### Description of the task
Using the records below, copy exactly the part that opens with the line holding "Juice Ink Natural" and closes with the line holding "Levitating Temple Above", minus the pictures.

(Beginning of Entries shown)

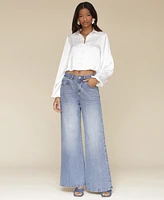 Avec Les Filles Women's High-Rise Adjustable-Hem Wide-Leg Pants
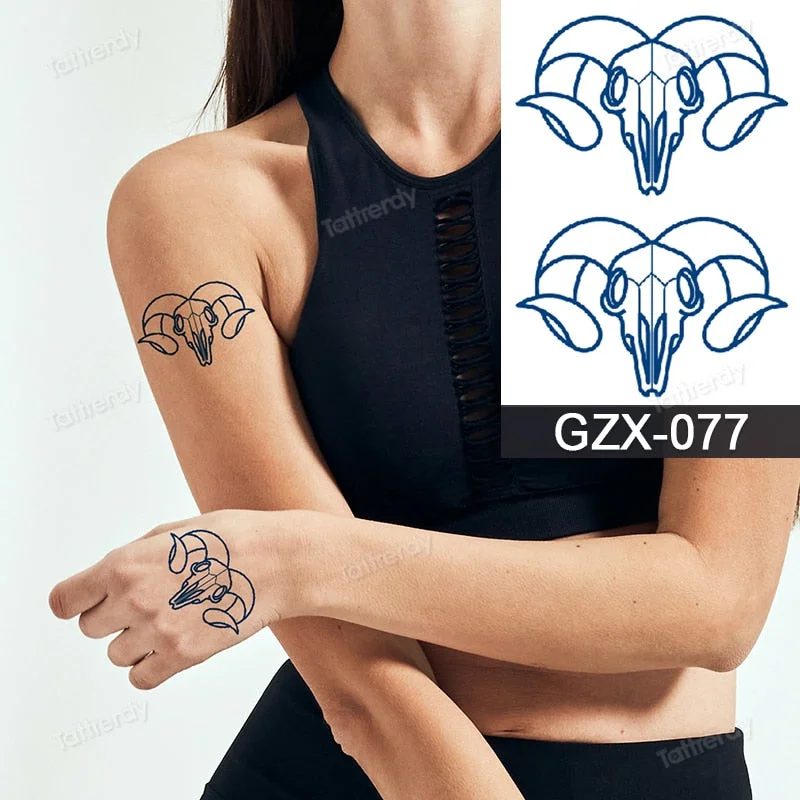 Juice Ink Natural Tattoo Water Transer Long Lasting Blue Semi-permanent Temporary Tattoos Small Hand Sleeve Armband Painting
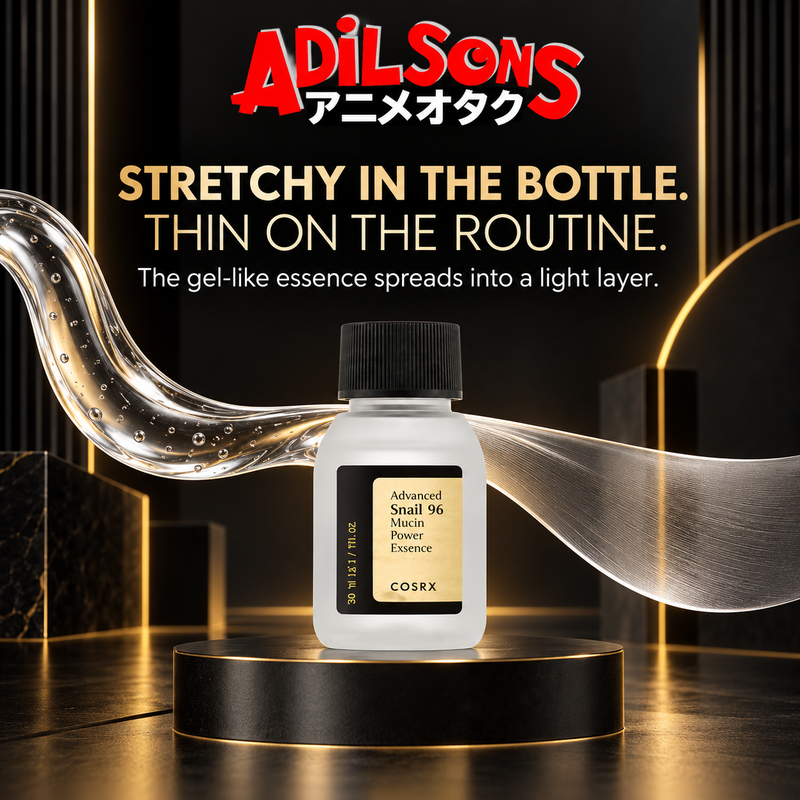 Adilsons Beauty COSRX Advanced Snail 96 Mucin Power Essence 30ml ad: STRETCHY IN THE BOTTLE. THIN ON THE ROUTINE. / The gel-like essence spreads into a light layer.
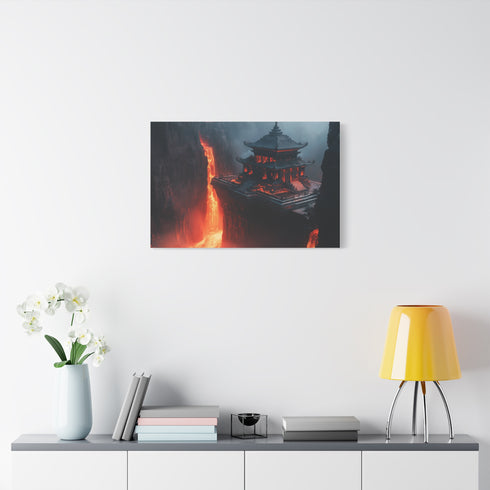 Levitating Temple Above Lava River — Canvas Wall Art — Product Detail View 7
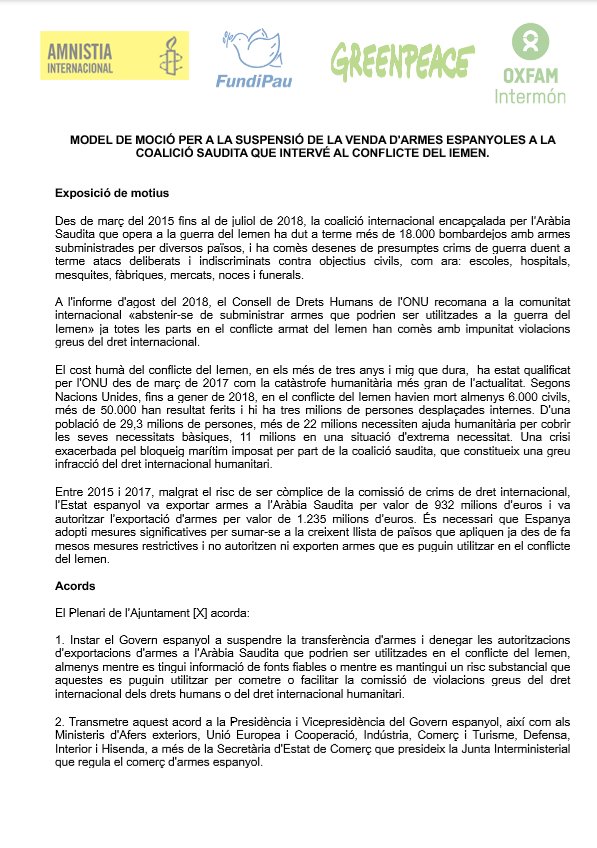 S' aprova a Ple, a proposta de ICV-EUiA la moció en contra de la venta d'armament espanyol a Aràbia Saudí per cometre crims de guerra al Iemen @EncarniGarcaji1 <a href="/euia08840/">Icv.euia08840</a> <a href="/EuiaViladecans/">EUiA Viladecans</a> <a href="/icvviladecans/">ICV Viladecans</a>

(End of Entries shown)

### Solution for this task
 Juice Ink Natural Tattoo Water Transer Long Lasting Blue Semi-permanent Temporary Tattoos Small Hand Sleeve Armband Painting
 Adilsons Beauty COSRX Advanced Snail 96 Mucin Power Essence 30ml ad: STRETCHY IN THE BOTTLE. THIN ON THE ROUTINE. / The gel-like essence spreads into a light layer.
 Levitating Temple Above Lava River — Canvas Wall Art — Product Detail View 7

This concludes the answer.